Quelle est la différence entre une motion de censure et une dissolution ? La motion de censure est un vote des députés qui renverse le gouvernement ; la dissolution est une décision du président qui met fin au mandat des députés et convoque de nouvelles élections. L'une part du Parlement, l'autre part de l'Élysée — elles ne visent pas les mêmes têtes.
On vous explique les deux mécanismes, leur logique constitutionnelle, et ce que l'actualité récente nous dit sur leur fonctionnement réel.
Deux outils constitutionnels, deux logiques opposées
La Ve République repose sur un équilibre subtil entre le pouvoir exécutif et le Parlement. Pour comprendre cet équilibre, notre guide complet sur le fonctionnement de la Ve République pose les bases des institutions françaises.
Dans cet équilibre, chaque camp dispose d'une arme de dissuasion.
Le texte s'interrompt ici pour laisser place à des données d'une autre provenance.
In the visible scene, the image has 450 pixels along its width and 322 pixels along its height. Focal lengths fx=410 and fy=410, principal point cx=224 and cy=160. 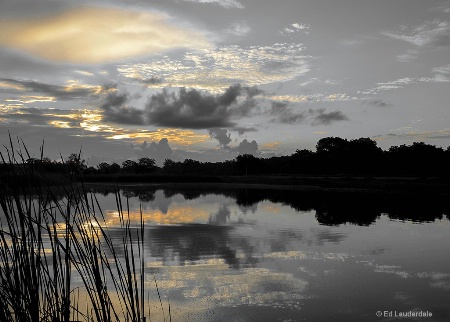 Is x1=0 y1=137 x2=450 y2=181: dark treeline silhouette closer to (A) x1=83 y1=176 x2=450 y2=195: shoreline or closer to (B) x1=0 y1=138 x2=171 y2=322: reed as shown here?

Les députés peuvent renverser le gouvernement via la motion de censure. Le président peut dissoudre l'Assemblée pour trancher un désaccord politique devant les électeurs. Ces deux mécanismes sont inscrits dans la Constitution de 1958 et fonctionnent comme des contrepoids l'un de l'autre.

L'idée des rédacteurs de la Constitution était simple : éviter les blocages institutionnels permanents qui avaient paralysé la IVe République. On voulait un exécutif fort, mais pas incontrôlable. Un Parlement puissant, mais pas omnipotent.
Résultat : deux outils, deux directions, deux acteurs.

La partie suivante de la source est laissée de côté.